*** Begin section ***

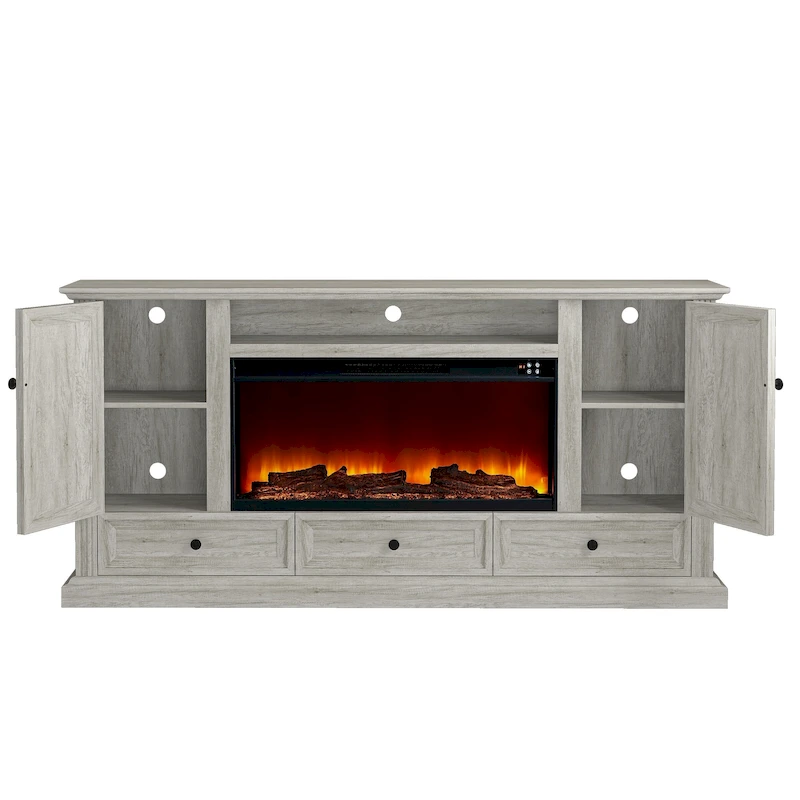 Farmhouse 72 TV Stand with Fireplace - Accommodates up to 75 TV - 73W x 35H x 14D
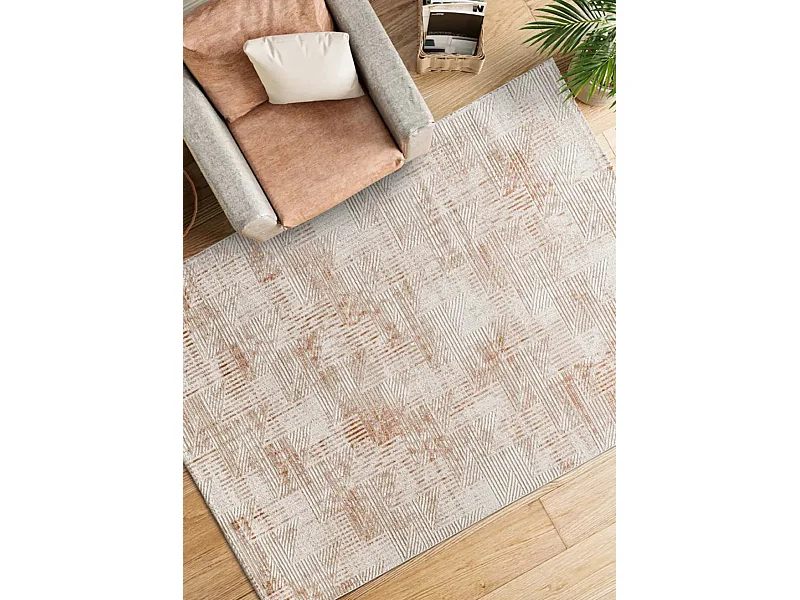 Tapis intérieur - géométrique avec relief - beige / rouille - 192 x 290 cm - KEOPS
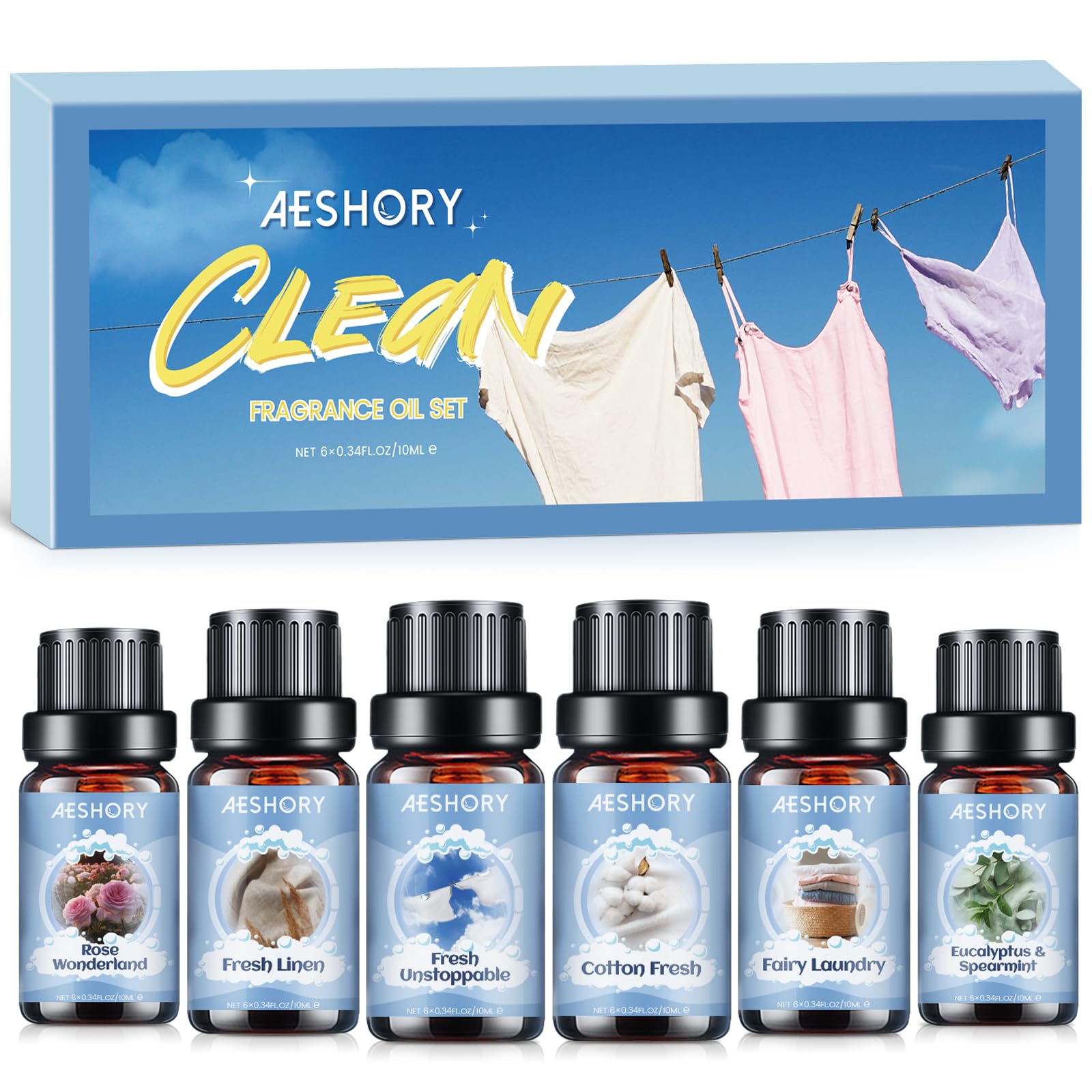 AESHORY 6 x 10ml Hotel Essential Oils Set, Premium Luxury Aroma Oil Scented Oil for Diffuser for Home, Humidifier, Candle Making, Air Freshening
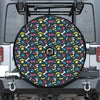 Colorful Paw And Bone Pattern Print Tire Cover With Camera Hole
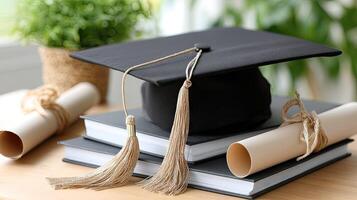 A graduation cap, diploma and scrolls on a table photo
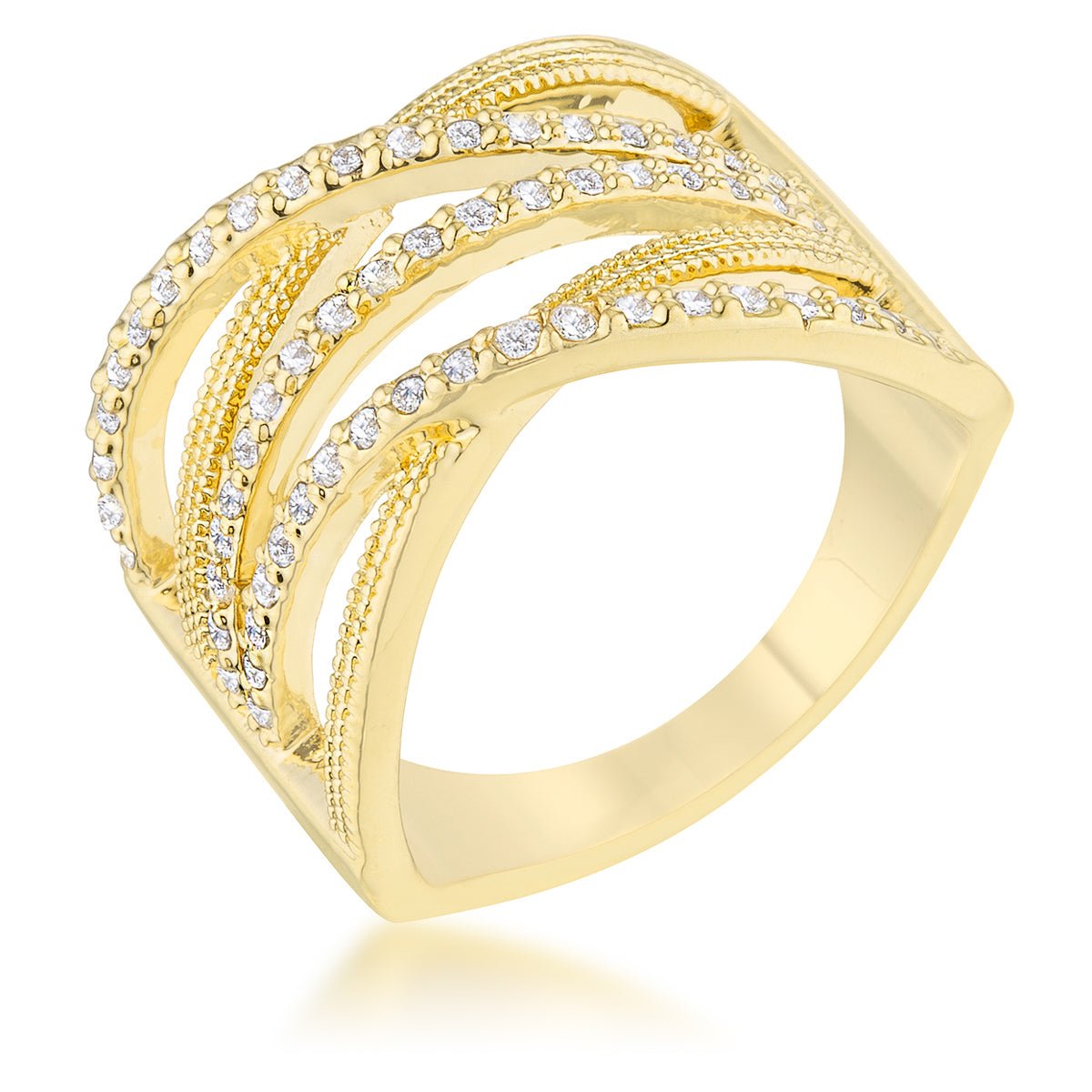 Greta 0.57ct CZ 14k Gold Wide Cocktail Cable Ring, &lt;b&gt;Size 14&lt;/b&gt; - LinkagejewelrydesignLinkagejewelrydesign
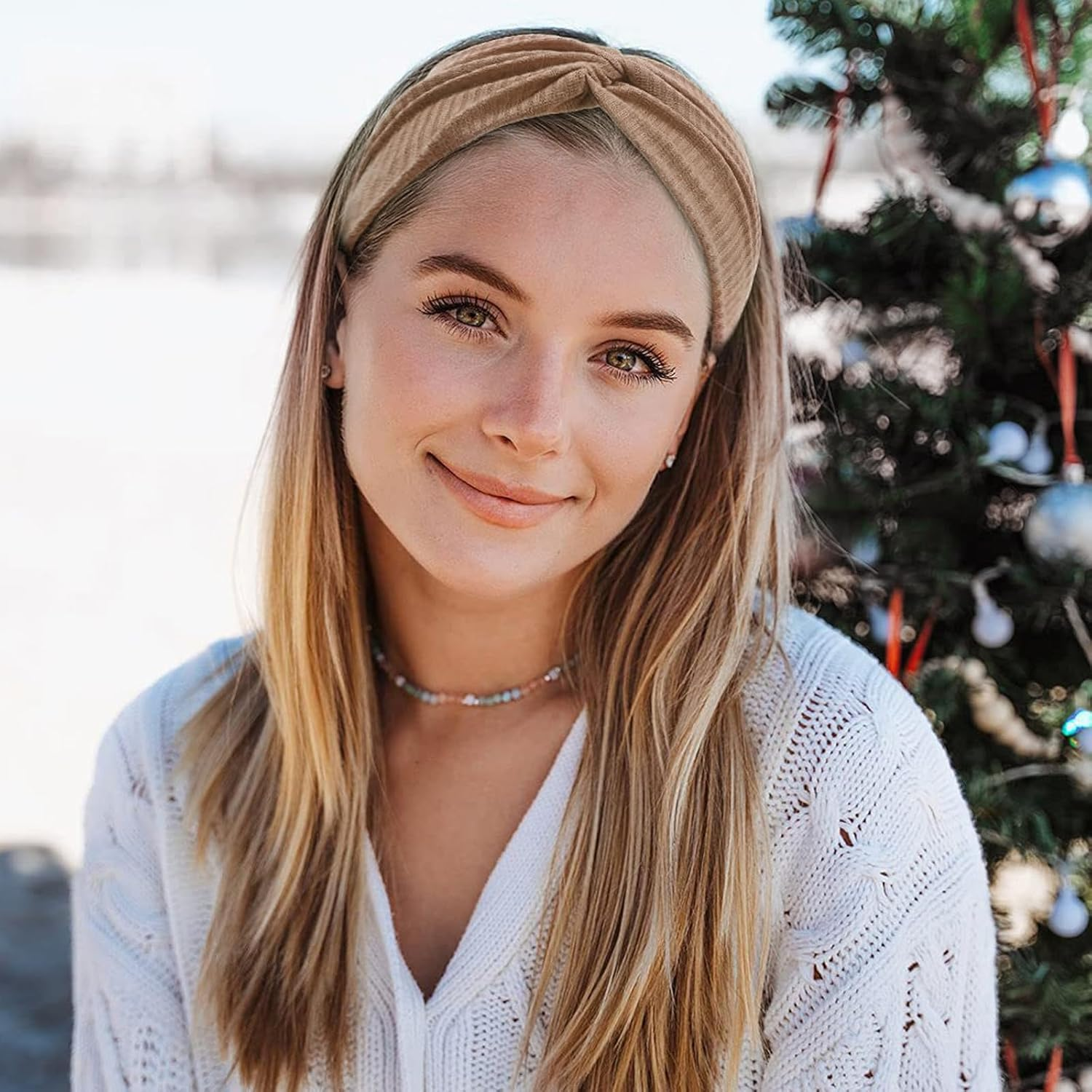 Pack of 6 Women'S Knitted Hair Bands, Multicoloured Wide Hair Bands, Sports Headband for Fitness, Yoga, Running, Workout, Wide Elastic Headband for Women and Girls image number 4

*** End section ***

• Task brief
Exclude the images and output the lines above exactly.

• Answer below
 Farmhouse 72 TV Stand with Fireplace - Accommodates up to 75 TV - 73W x 35H x 14D
 Tapis intérieur - géométrique avec relief - beige / rouille - 192 x 290 cm - KEOPS
 AESHORY 6 x 10ml Hotel Essential Oils Set, Premium Luxury Aroma Oil Scented Oil for Diffuser for Home, Humidifier, Candle Making, Air Freshening
 Colorful Paw And Bone Pattern Print Tire Cover With Camera Hole
 A graduation cap, diploma and scrolls on a table photo
 Greta 0.57ct CZ 14k Gold Wide Cocktail Cable Ring, &lt;b&gt;Size 14&lt;/b&gt; - LinkagejewelrydesignLinkagejewelrydesign
 Pack of 6 Women'S Knitted Hair Bands, Multicoloured Wide Hair Bands, Sports Headband for Fitness, Yoga, Running, Workout, Wide Elastic Headband for Women and Girls image number 4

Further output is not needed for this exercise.